[Start of section]
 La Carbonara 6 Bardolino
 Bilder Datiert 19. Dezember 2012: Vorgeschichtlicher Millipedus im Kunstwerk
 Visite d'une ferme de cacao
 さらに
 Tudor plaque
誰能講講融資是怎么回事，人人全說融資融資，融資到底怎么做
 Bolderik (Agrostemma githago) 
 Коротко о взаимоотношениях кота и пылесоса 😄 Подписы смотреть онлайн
[End of section]
[Start of section]
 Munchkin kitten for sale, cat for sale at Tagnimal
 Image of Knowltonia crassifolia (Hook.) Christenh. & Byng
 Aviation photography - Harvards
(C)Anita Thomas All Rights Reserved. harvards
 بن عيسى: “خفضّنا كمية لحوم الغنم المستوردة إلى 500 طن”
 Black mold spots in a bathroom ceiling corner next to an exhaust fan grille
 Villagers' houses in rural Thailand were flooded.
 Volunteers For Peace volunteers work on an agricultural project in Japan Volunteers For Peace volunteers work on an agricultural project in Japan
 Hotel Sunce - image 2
[End of section]
[Start of section]
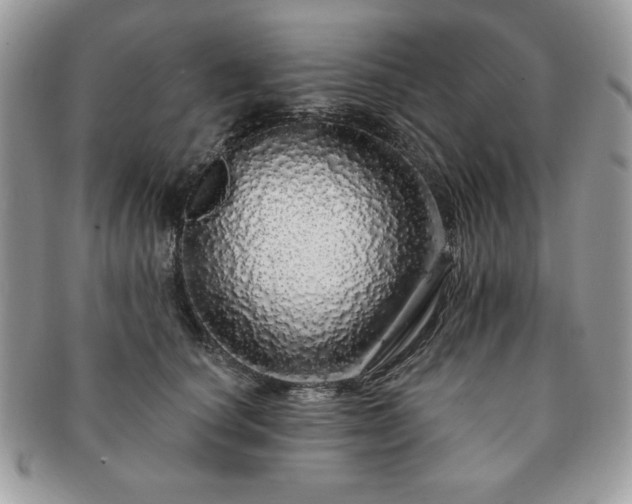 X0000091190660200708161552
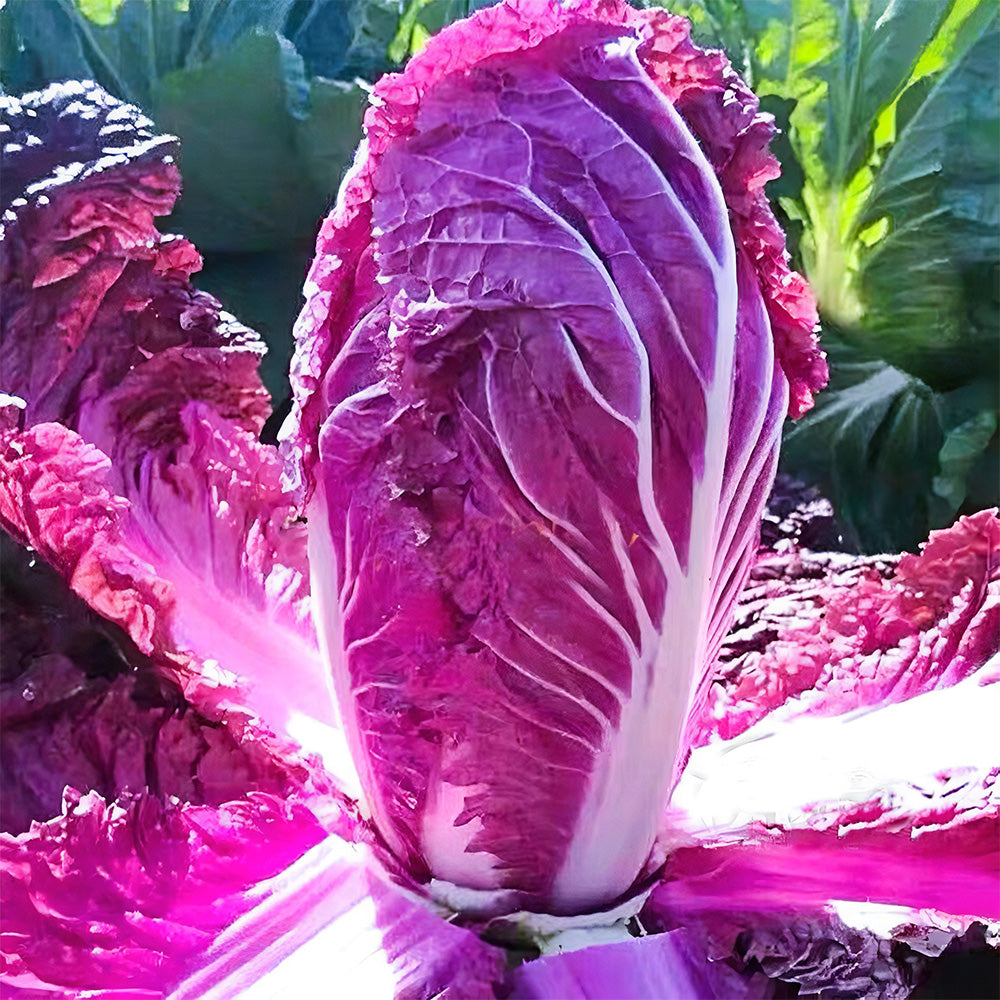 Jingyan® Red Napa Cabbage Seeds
[End of section]
Where the data above reaches the line holding "La Carbonara 6 Bardolino", begin printing, and stop after the line holding "Коротко о взаимоотношениях". Each line must be reproduced exactly, with nothing else added.

> _Written answer_
 La Carbonara 6 Bardolino
 Bilder Datiert 19. Dezember 2012: Vorgeschichtlicher Millipedus im Kunstwerk
 Visite d'une ferme de cacao
 さらに
 Tudor plaque
誰能講講融資是怎么回事，人人全說融資融資，融資到底怎么做
 Bolderik (Agrostemma githago) 
 Коротко о взаимоотношениях кота и пылесоса 😄 Подписы смотреть онлайн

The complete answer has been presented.